Por isso, a irresponsável frase “não estamos tão mal” é lida como um tapa na cara de petroleiras como Ana Paula, por exemplo, demitida injustamente há um ano por denunciar irregularidades no Terminal de Cabiúnas, no Norte Fluminense. Por isso, respondemos: estamos mal, sim, senhora Presidente! Vamos aos fatos, que não são novos e que sempre denunciamos.

“Não estamos tão mal”. Imagine se estivéssemos
Nas plataformas é comum, devido ao sistema de confinamento durante 14 dias para as petroleiras concursadas e 21 dias para as terceirizadas, os gerentes cometerem assédio moral e sexual com o intuito de ?se dar bem?. Existem plataformas, inclusive na Bacia de Santos, berço do promissor pré-sal, em que não há camarotes exclusivos para as mulheres. Sempre no improviso, as petroleiras embarcadas são constantemente trocadas de camarote em camarote, num total desrespeito ao período de descanso. Isso sem falar no enorme constrangimento que este absurdo gera.

Nas áreas operacionais, como a RPBC e RECAP, não há banheiros para mulheres, nem uniformes próprios. O uniformes utilizados são masculinos, ignorando as especificidades das mulheres. Mais grave ainda é a situação das mulheres grávidas ou lactantes que trabalham nas áreas operacionais. Essas companheiras estão diariamente expostas a níveis de substâncias químicas como benzeno, que não são reconhecidos pela empresa. Dessa forma, medidas mitigadoras não são aplicadas ou quando aplicadas são insuficientes ou cumprem mera formalidade.
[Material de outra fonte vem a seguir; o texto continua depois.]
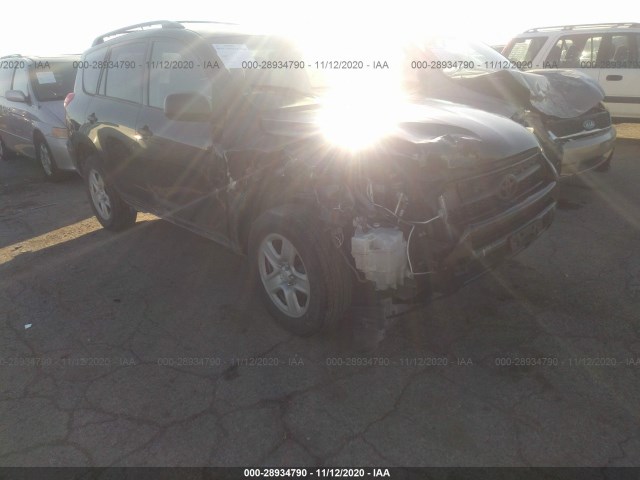 TOYOTA RAV4 2011 2t3zf4dv4bw069761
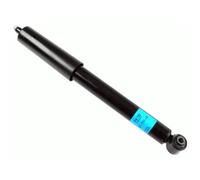 SACHS Amortisseur Arrière Compatible Pour Volvo XC60 156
O direito aos 180 dias de licença-maternidade deve ser solicitado, o que gera por consequência a necessidade de uma negociação perversa com os chefes. Evidentemente, tal negociação não acontece em condições de igualdade. Sabemos a pressão que existe para que as companheiras não utilizem os 60 dias a mais a que têm direito sob pena de ficarem marcadas como empregadas que “não vestem a camisa da empresa”. Tudo isso influencia o avanço profissional dessas companheiras, já que os critérios para promoção como GD e níveis são subjetivos. As trabalhadoras ficam, invariavelmente, reféns de uma avaliação positiva do mesmo gerente responsável por pressioná-las a não se afastarem por 180 dias.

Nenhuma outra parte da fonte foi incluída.